* WORK TO BE COMPLETED *
Which lines of the entries contain the string "Wood"? Please find them and copy them.

Top of AVAILABLE RECORDS

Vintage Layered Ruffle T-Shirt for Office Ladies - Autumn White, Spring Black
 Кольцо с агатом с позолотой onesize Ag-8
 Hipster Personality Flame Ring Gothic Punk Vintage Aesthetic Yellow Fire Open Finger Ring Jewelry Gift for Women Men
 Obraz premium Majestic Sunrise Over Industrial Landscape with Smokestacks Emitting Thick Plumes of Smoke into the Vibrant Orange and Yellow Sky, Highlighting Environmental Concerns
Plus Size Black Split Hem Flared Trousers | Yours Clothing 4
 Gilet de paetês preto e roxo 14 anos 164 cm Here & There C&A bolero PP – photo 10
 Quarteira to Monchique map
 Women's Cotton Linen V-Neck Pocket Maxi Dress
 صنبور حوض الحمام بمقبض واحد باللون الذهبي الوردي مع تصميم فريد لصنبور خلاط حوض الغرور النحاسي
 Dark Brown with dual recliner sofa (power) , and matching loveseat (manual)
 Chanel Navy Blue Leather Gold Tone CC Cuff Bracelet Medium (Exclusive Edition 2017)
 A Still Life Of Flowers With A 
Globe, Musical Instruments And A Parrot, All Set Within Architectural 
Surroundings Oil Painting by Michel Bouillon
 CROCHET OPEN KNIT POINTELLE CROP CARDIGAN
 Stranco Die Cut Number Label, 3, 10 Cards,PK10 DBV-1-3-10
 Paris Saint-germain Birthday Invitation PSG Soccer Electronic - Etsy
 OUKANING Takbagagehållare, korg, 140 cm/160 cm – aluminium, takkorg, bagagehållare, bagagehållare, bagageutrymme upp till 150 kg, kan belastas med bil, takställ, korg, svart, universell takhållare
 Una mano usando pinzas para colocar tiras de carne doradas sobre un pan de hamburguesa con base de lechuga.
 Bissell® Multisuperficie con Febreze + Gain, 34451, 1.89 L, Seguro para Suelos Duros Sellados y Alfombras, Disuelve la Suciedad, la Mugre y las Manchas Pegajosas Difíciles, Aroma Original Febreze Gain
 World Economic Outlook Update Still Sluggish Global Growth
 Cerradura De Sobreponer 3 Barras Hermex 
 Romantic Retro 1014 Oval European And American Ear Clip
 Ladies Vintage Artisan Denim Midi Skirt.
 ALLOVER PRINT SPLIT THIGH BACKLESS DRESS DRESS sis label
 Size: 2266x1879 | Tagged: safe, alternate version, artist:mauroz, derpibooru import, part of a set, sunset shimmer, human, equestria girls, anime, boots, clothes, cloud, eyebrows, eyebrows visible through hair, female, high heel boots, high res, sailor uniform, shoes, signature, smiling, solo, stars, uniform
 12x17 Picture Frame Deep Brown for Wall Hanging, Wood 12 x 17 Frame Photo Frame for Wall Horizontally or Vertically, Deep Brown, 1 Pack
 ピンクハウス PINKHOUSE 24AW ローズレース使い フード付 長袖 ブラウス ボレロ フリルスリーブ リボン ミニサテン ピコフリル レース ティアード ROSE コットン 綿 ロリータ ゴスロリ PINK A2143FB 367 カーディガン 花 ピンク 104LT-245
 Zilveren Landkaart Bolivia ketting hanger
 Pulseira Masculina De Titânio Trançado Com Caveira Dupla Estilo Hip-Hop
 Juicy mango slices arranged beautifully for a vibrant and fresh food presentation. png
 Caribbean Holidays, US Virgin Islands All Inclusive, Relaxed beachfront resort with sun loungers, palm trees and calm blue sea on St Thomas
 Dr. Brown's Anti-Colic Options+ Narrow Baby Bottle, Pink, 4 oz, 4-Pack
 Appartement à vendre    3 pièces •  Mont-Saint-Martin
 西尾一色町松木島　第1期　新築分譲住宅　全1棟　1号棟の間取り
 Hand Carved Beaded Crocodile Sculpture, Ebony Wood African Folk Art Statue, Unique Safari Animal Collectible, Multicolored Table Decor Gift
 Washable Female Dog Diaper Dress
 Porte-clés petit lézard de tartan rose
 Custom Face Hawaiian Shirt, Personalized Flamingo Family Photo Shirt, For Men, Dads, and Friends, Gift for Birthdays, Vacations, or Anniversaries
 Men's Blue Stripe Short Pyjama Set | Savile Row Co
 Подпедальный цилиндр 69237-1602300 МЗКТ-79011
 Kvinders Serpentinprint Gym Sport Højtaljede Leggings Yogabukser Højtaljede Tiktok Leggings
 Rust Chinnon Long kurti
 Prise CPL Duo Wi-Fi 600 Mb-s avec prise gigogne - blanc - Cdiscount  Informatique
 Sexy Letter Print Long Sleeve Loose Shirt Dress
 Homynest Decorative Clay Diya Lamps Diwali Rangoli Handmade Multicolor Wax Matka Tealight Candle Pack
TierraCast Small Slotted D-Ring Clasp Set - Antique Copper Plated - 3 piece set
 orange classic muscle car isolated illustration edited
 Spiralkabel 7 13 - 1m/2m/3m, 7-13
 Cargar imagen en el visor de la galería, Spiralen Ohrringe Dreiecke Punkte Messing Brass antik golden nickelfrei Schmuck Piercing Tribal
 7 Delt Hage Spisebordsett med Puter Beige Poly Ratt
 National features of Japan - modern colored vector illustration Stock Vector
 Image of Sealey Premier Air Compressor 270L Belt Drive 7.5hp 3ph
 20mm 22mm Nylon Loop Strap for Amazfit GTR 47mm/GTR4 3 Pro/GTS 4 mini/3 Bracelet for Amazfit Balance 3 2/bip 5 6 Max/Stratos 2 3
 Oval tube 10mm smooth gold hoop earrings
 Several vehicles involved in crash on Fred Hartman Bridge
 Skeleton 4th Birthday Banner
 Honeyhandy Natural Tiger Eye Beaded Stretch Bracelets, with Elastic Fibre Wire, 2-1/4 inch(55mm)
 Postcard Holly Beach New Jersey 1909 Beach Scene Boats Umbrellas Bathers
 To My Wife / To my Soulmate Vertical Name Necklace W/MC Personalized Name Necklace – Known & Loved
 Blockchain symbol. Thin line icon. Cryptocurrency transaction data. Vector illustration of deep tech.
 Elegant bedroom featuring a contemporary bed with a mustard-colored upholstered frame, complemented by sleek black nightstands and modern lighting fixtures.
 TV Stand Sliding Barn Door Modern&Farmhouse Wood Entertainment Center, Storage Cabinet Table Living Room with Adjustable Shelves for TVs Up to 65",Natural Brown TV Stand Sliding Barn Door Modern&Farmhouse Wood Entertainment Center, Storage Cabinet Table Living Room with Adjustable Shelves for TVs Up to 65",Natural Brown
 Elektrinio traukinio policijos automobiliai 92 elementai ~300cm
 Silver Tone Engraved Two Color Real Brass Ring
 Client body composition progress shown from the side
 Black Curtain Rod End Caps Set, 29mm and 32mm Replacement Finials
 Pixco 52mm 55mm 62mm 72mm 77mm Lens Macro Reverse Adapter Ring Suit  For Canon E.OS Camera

Bottom of AVAILABLE RECORDS

* PROBLEM SOLUTION *
 12x17 Picture Frame Deep Brown for Wall Hanging, Wood 12 x 17 Frame Photo Frame for Wall Horizontally or Vertically, Deep Brown, 1 Pack
 Hand Carved Beaded Crocodile Sculpture, Ebony Wood African Folk Art Statue, Unique Safari Animal Collectible, Multicolored Table Decor Gift
 TV Stand Sliding Barn Door Modern&Farmhouse Wood Entertainment Center, Storage Cabinet Table Living Room with Adjustable Shelves for TVs Up to 65",Natural Brown TV Stand Sliding Barn Door Modern&Farmhouse Wood Entertainment Center, Storage Cabinet Table Living Room with Adjustable Shelves for TVs Up to 65",Natural Brown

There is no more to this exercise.